Each entry below should appear again exactly as written, without pictures.

____________________

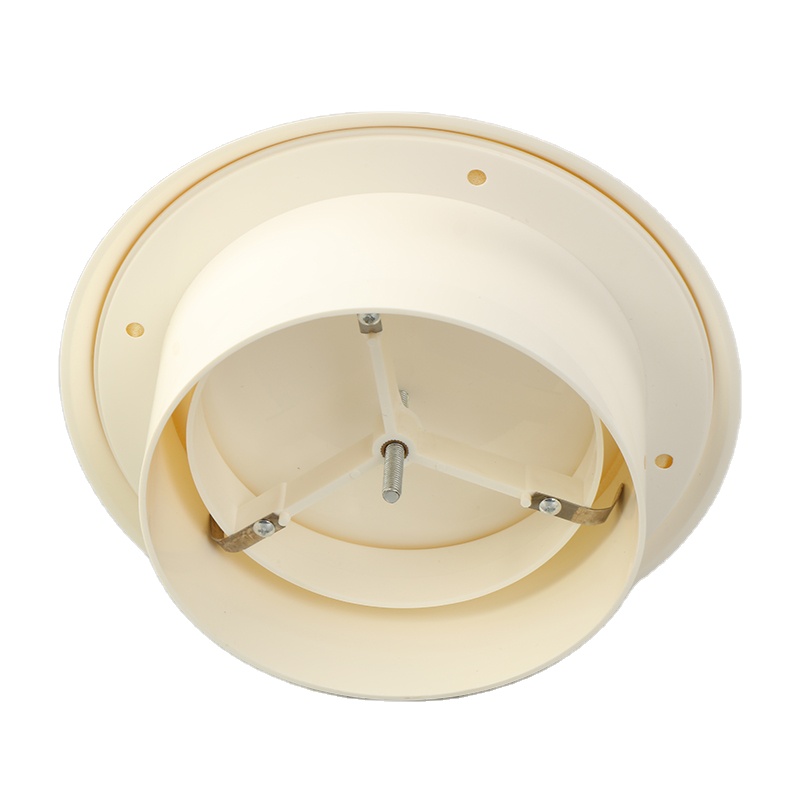 HVAC Aluminum Return Round Ceiling Diffuser Air Grille for White Air Ventilation System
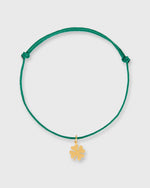 Load image into Gallery viewer, Trefle Charm Bracelet Gold/Assorted Color Cord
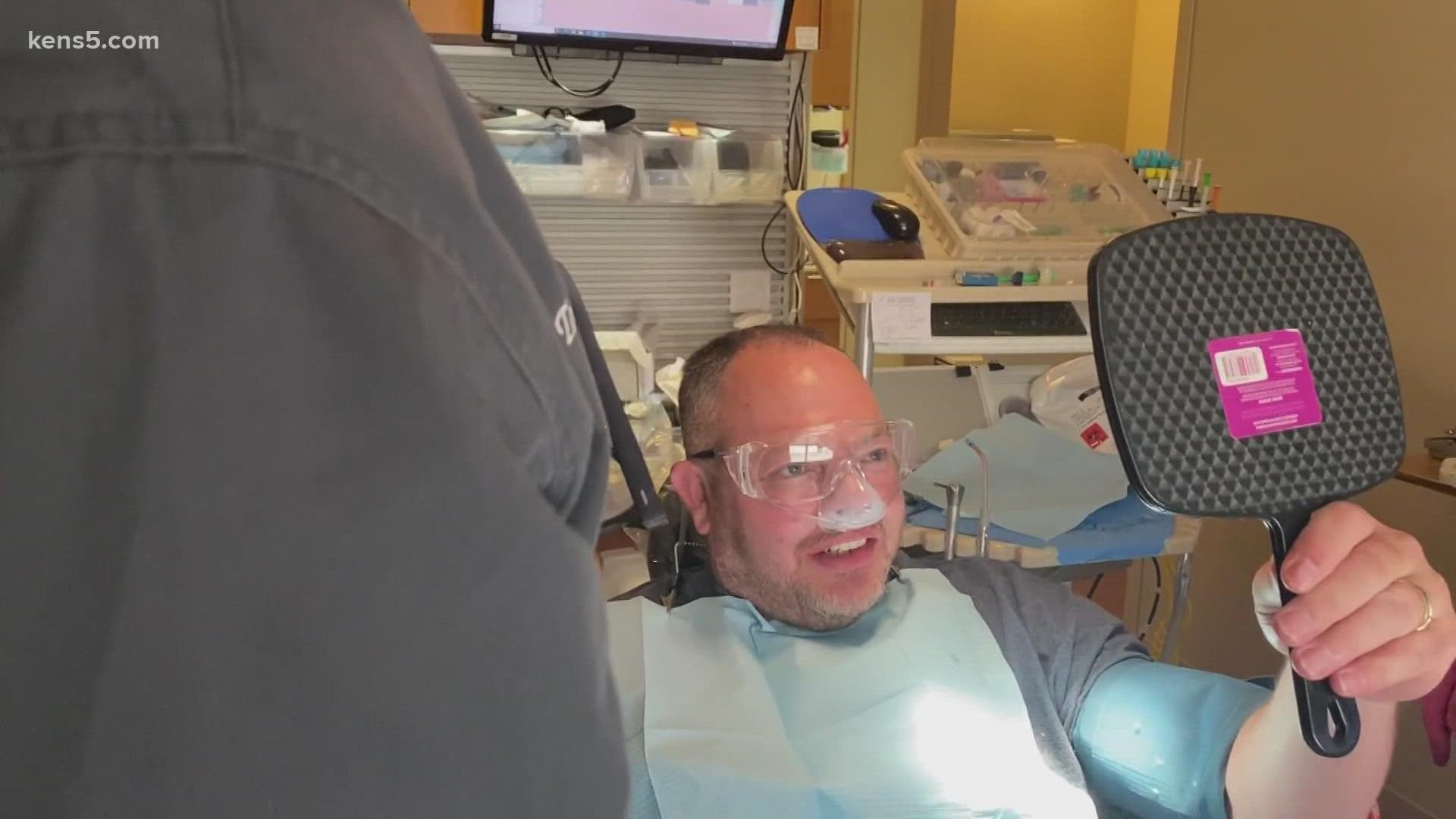 An Iraqi Freedom veteran was suffering from the effects of an anthrax vaccine which left him with rotting teeth. A Texas dentist helped him at no cost.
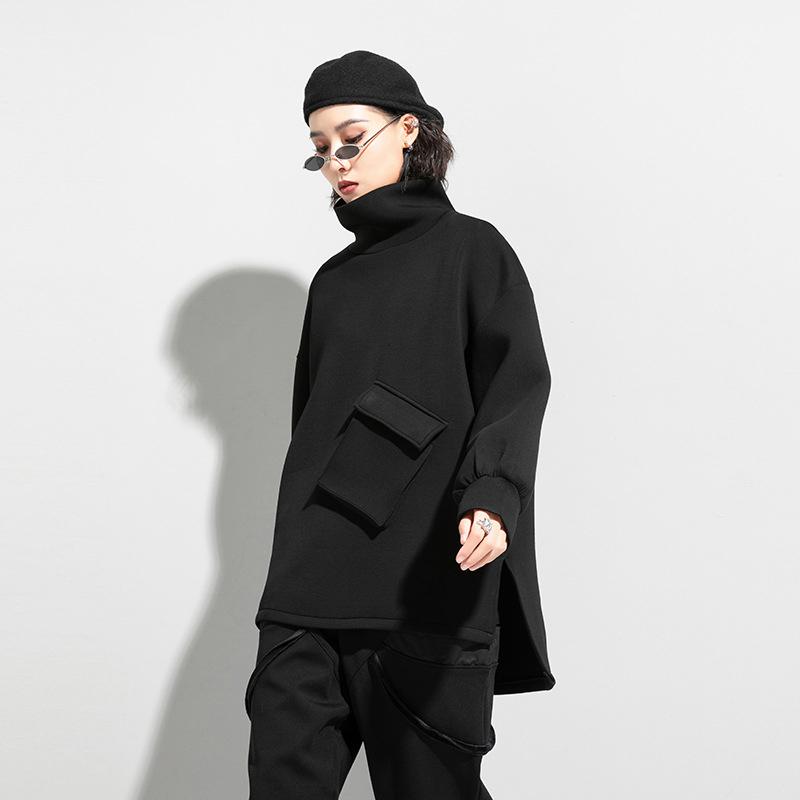 Marigold Shadows shirts Tamaka Pocket Turtleneck Long Sleeve Shirt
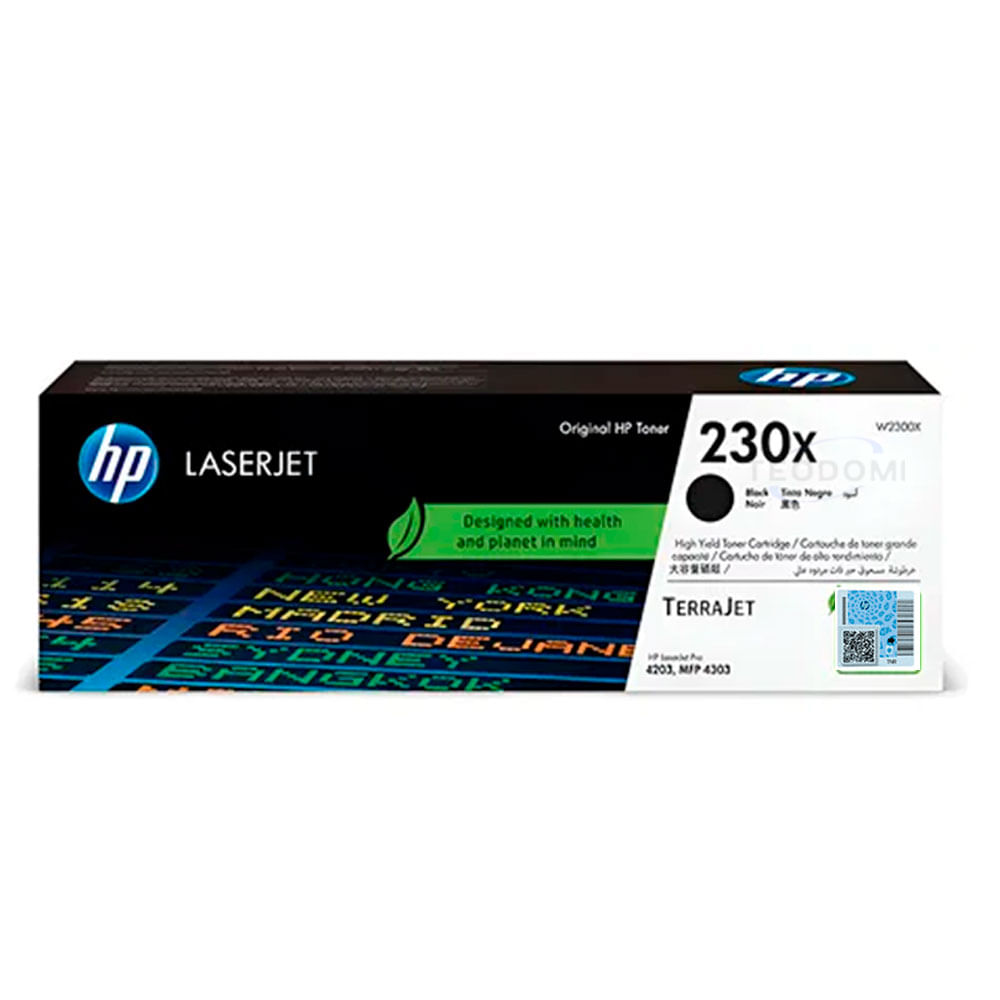 Tóner HP 230X Negro Original (W2300X) – Alto Rendimiento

____________________

- [The completed task]:
 HVAC Aluminum Return Round Ceiling Diffuser Air Grille for White Air Ventilation System
 Load image into Gallery viewer, Trefle Charm Bracelet Gold/Assorted Color Cord
 An Iraqi Freedom veteran was suffering from the effects of an anthrax vaccine which left him with rotting teeth. A Texas dentist helped him at no cost.
 Marigold Shadows shirts Tamaka Pocket Turtleneck Long Sleeve Shirt
 Tóner HP 230X Negro Original (W2300X) – Alto Rendimiento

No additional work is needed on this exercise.